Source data
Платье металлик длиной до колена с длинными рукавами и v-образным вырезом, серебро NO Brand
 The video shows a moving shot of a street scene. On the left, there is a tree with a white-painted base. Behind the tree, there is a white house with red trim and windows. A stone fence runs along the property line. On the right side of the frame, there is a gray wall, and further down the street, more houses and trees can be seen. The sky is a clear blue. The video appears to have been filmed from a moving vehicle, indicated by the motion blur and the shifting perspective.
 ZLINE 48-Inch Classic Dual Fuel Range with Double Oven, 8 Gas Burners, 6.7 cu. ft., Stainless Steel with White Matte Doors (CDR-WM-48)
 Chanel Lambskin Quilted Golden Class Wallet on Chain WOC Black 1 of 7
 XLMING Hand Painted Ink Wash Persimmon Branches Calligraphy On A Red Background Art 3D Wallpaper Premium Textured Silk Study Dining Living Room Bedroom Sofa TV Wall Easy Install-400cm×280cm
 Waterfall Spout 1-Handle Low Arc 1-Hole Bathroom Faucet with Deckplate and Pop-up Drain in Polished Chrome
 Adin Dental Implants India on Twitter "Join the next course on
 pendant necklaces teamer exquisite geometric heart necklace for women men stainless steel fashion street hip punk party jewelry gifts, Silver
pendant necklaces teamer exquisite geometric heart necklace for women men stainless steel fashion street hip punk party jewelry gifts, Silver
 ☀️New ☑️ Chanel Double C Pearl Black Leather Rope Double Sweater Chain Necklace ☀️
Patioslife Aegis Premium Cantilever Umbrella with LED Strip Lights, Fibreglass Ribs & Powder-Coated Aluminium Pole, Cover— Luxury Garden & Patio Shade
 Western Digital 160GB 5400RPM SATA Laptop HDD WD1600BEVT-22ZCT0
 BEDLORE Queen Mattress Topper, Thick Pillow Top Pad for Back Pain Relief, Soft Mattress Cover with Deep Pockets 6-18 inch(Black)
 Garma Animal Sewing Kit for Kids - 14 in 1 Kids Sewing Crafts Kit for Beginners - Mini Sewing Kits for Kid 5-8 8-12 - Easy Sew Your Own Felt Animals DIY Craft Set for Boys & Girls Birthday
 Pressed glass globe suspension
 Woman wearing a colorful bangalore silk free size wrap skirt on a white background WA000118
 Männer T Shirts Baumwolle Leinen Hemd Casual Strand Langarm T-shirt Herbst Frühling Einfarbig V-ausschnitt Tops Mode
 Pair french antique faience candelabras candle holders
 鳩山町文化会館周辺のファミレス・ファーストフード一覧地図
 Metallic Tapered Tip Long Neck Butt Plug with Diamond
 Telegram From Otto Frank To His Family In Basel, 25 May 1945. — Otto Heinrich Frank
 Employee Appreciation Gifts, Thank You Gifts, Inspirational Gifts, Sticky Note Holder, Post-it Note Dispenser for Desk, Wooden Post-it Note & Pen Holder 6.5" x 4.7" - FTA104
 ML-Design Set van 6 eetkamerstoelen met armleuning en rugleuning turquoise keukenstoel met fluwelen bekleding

Task directions: Nothing but a number should be given: the number of lines in the records that contain the word "geometric".

Your solution: 2